Fear of a neurodegenerative disease; I act out my dreams. Female, 29 years old.
Since my early 20s (as far as I can remember), I’ve occasionally screamed in my sleep, but over the last 3 months it has become much more frequent — sometimes every 3–4 days. I’m 29 now, i am woman.
I grew up with a narcissistic family and an alcoholic, abusive, manipulative father, and from ages 26–28 I went through the most stressful years of my life. I suspect I may have PTSD.
After finally moving out about a year ago, I started developing several symptoms: silent reflux, tachycardia, chronic insomnia, and now violent dreams where I scream, fight, or physically act things out in my sleep. The dreams are usually about fighting a man or someone breaking into my home. Sometimes I remember them, sometimes I don’t. Usually someone wakes me up because I’m screaming.
I had a sleep study done in March. The diagnosis was possible Generalized Anxiety Disorder and chronic insomnia. I barely slept during the study due to anxiety (around 4 hours total), and only 8% of that was REM sleep.
I’m terrified of developing a neurodegenerative disease. I finally escaped my toxic environment and want to start living my life, but this fear is consuming me. Has anyone experienced something similar related to trauma/anxiety/PTSD?
The most relevant sleep study findings were the following:
Regarding sleep onset and sleep continuity indices, there was a prolonged sleep latency of 51 minutes and a low sleep efficiency of 48% (Normal >90%), along with a prolonged REM sleep latency of 121 minutes (Normal 90–120 minutes). WASO (wake after sleep onset) was 199 minutes.
An INCREASE was observed in the percentage of N2 sleep stage, as well as wakefulness. A high number of awakenings was recorded (10 total awakenings and 2 micro-awakenings throughout the study). In addition, there was a low percentage of REM sleep stages. These values indicate that the patient has fragmented sleep, which is indicative of light, non-restorative sleep.

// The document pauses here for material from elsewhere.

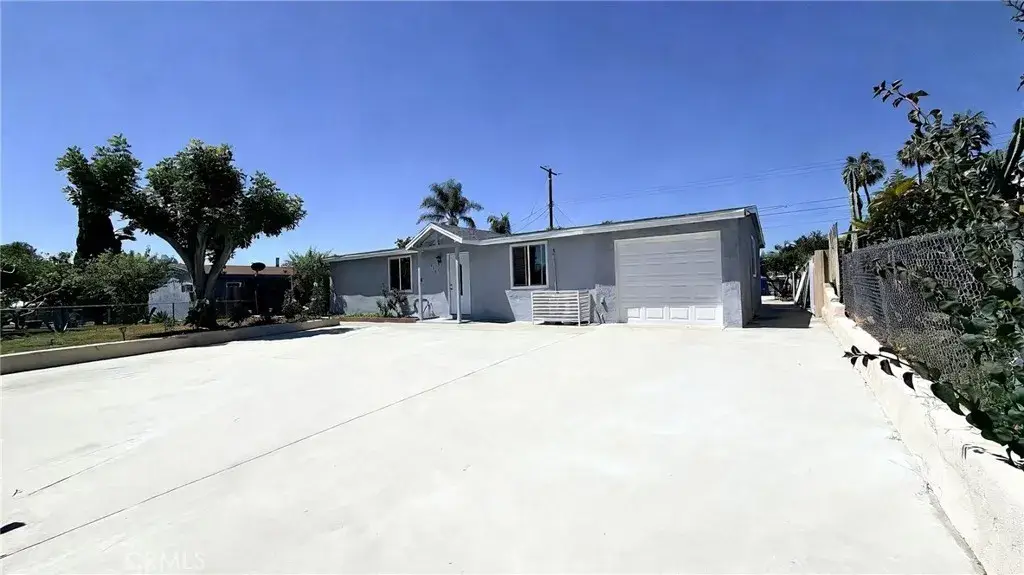 437 N Begonia, Ontario, CA 91762 - #1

Regarding respiratory data, 0 apnea/hypopnea events were recorded, with an index of 0 events per hour of sleep, which is considered Normal.
Average oxygen saturation while awake was 93%, while during sleep it was 92%, with a minimum of 86%, which is considered hypoxemia. The number of snoring events was 7, with an index of 1.8, which is considered Normal.

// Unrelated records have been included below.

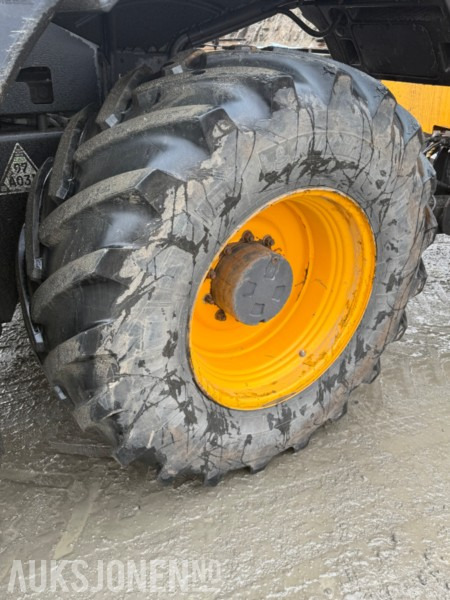 4 stk Michelin Axiobib 600/70R30 traktordekk -stått på fasttrac - Machine agricole: photos 4 4 stk Michelin Axiobib 600/70R30 traktordekk -stått på fasttrac - Machine agricole: photos 4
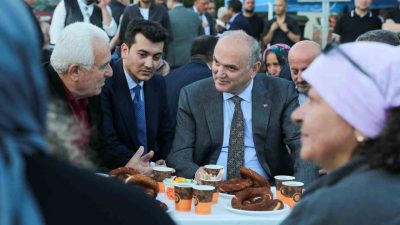 Düzce Belediye Başkanı Dr. Faruk Özlü, mahalle buluşmaları kapsamında Konuralp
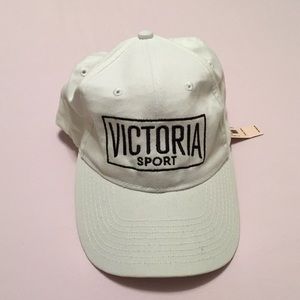 Victoria Sport White ball cap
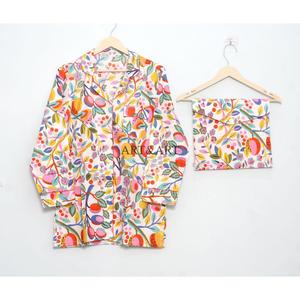 Conjunto de Pijama y Camisa de Algodón con Estampado Floral de Verano Hecho a Medida para Mujer, de Secado Rápido y Transpirable, con Bolsa de Transporte a Juego - Product Image 2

The average heart rate during sleep was 80 beats per minute, while the minimum heart rate was 62 bpm and the maximum was 112 bpm.
A total of 7 lower limb movements were recorded, none of which had periodic characteristics, with an index of 0 per hour of sleep, which is considered Normal.
Note: Central hyperarousal disorder with sleep dissociation causing chronic insomnia exacerbated by anxiety. Patient with a complex non-respiratory sleep disorder requiring multidisciplinary management. Pharmacological and non-pharmacological specialized treatment is justified. Not a candidate for CPAP therapy.
Values Obtained:
Vigil: 52%
Sleep stages N1: 5%
Sleep stages N2: 57%
Sleep stages N3: 30%
Rapid Eye Movement (REM) Sleep: 8%
Diagnosis:
- F51.0 Sleep initiation and maintenance disorder (chronic insomnia)
- F41.1 Generalized Anxiety Disorder (clinical evaluation suggested)
Recommendations:
- Cardiorespiratory activity is considered abnormal due to the presence of snoring.
- Consider positional sleep therapy and myofunctional therapy.
- Neuropsychological testing to evaluate the emotional-behavioral component.
- Cognitive behavioral therapy (first-line treatment): stimulus control, sleep restriction, cognitive restructuring.
- Evaluate the low percentage of REM and N3 stages; use melatonin for correction.
- Consider pharmacological treatment.
- Avoid sleep deprivation and sleep restriction.
- Maintain good sleep hygiene.
- Autonomic nervous system re-regulation techniques: diaphragmatic breathing, mindfulness.